DATASET EXTRACT
※
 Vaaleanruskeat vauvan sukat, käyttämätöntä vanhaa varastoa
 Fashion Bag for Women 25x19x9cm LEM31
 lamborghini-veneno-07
※
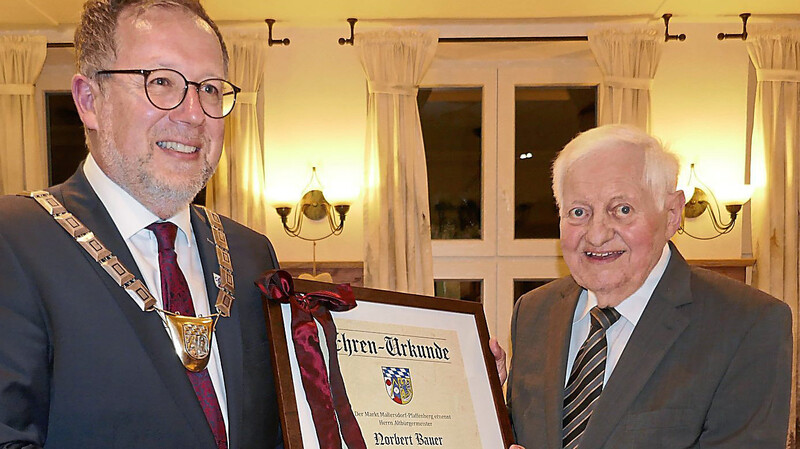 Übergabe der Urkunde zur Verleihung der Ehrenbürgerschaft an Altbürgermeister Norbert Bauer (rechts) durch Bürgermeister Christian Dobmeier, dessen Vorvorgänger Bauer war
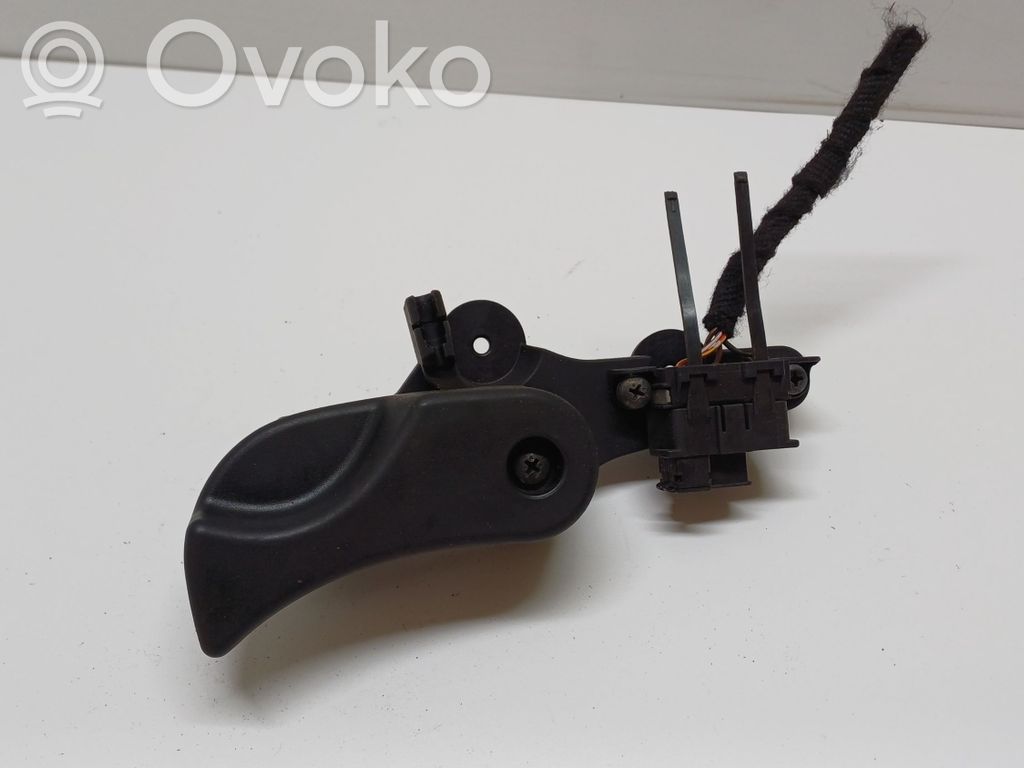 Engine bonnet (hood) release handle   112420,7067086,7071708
※
EXERCISE DESCRIPTION
Using the data above, return the lines from the one holding "Übergabe der Urkunde" through the one holding "Engine bonnet (hood)" exactly, but not the pictures.

SOLUTION FOR THIS TASK
 Übergabe der Urkunde zur Verleihung der Ehrenbürgerschaft an Altbürgermeister Norbert Bauer (rechts) durch Bürgermeister Christian Dobmeier, dessen Vorvorgänger Bauer war
 Engine bonnet (hood) release handle   112420,7067086,7071708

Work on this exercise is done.